Wow! I'm just saying that a "dump you box" is NOT a recipe. What does my recipe postings have to do with anything? You want to do the dozens?


----------



## Paymaster (Jan 22, 2009)

RoryGoggin said:


> Wow! I'm just saying that a "dump you box" is NOT a recipe. What does my recipe postings have to do with anything? You want to do the dozens?

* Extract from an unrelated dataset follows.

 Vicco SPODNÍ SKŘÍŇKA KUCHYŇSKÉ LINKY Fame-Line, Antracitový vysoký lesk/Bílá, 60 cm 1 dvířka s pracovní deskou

wbrand knows that this is about the only forum on this board that I hang out in. My box was full and this is the only way to get to me here. Sorry it causes you some concern.


----------



## RoryGoggin (Jan 6, 2005)

LOL - you are TOO easy!


----------



## WNCRick (Sep 24, 2007)

+1


----------



## WNCRick (Sep 24, 2007)

we're all easy......just old and like to cook........


----------



## Paymaster (Jan 22, 2009)

RoryGoggin said:


> LOL - you are TOO easy!


?????


----------



## RoryGoggin (Jan 6, 2005)

Paymaster said:


> ?????


You've been trolled!  Sorry, I was just busting your (and wdbrands) chops. No offense? People do these msgs on every forum on this site (and some others). I just thought it was a funny - and expected a response saying something like, Yup, a recipe for (fill in the blank here). Oh well, what can I say? I drink some.


----------